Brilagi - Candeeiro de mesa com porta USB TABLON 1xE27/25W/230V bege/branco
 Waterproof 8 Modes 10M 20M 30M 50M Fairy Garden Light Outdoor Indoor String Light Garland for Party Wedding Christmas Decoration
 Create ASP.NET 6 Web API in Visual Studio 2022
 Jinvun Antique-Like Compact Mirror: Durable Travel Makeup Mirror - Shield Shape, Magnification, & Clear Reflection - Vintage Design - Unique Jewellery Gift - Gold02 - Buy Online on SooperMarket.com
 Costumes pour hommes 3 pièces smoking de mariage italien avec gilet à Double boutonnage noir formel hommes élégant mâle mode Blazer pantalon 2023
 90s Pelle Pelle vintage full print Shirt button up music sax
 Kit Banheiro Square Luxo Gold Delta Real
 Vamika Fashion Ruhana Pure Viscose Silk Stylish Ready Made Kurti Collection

────────

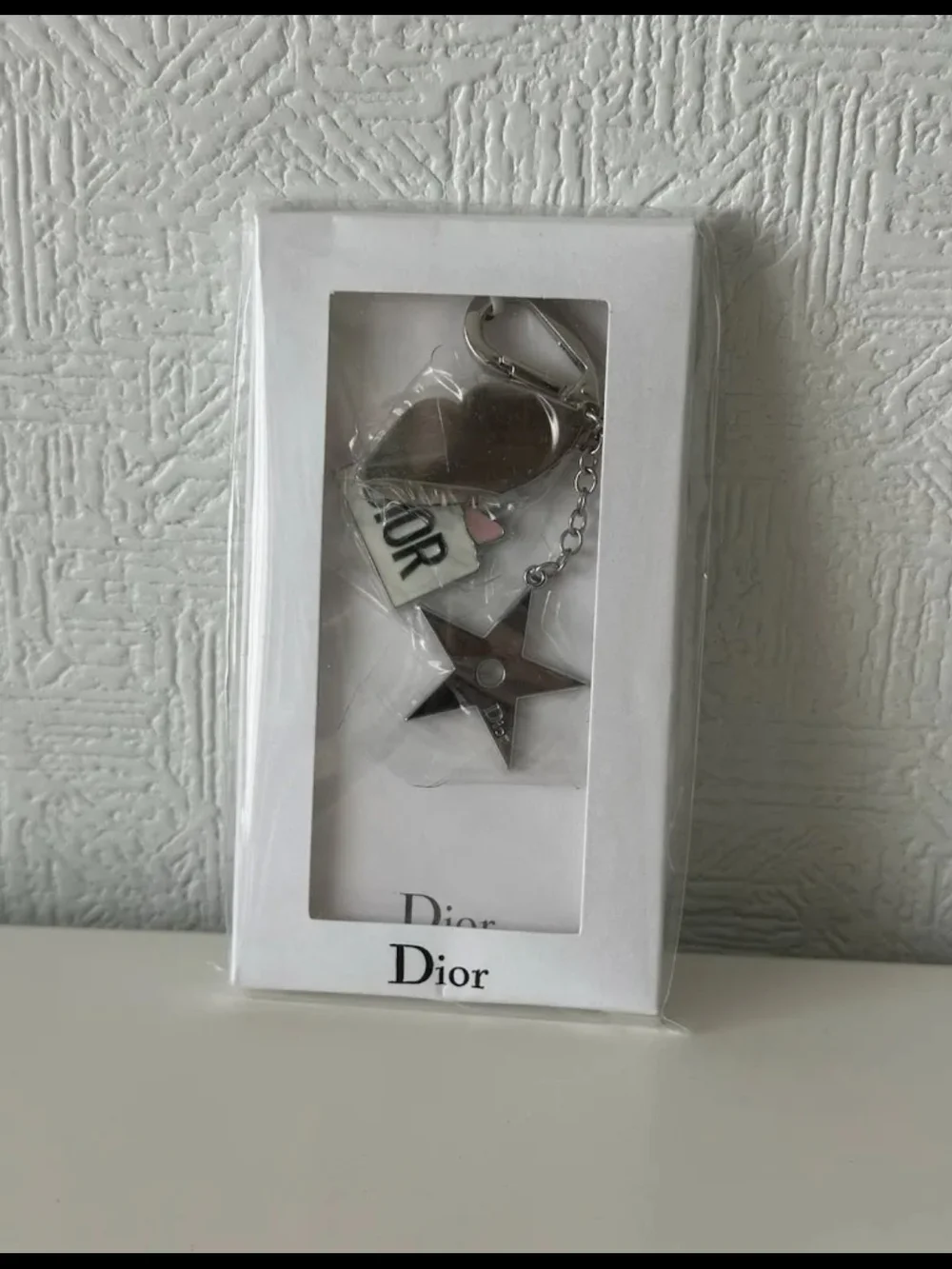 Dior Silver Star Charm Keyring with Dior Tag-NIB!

────────

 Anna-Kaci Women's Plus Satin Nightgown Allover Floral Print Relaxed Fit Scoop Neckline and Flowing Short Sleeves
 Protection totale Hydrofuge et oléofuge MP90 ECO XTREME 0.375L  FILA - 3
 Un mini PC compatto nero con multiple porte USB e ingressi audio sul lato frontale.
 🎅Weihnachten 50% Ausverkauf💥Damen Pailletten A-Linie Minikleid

────────

From the material above, copy exactly the lines between the line holding "Jinvun Antique-Like Compact" and the line holding "Vamika Fashion Ruhana", inclusive, and only those.

• [FINISHED TASK]
 Jinvun Antique-Like Compact Mirror: Durable Travel Makeup Mirror - Shield Shape, Magnification, & Clear Reflection - Vintage Design - Unique Jewellery Gift - Gold02 - Buy Online on SooperMarket.com
 Costumes pour hommes 3 pièces smoking de mariage italien avec gilet à Double boutonnage noir formel hommes élégant mâle mode Blazer pantalon 2023
 90s Pelle Pelle vintage full print Shirt button up music sax
 Kit Banheiro Square Luxo Gold Delta Real
 Vamika Fashion Ruhana Pure Viscose Silk Stylish Ready Made Kurti Collection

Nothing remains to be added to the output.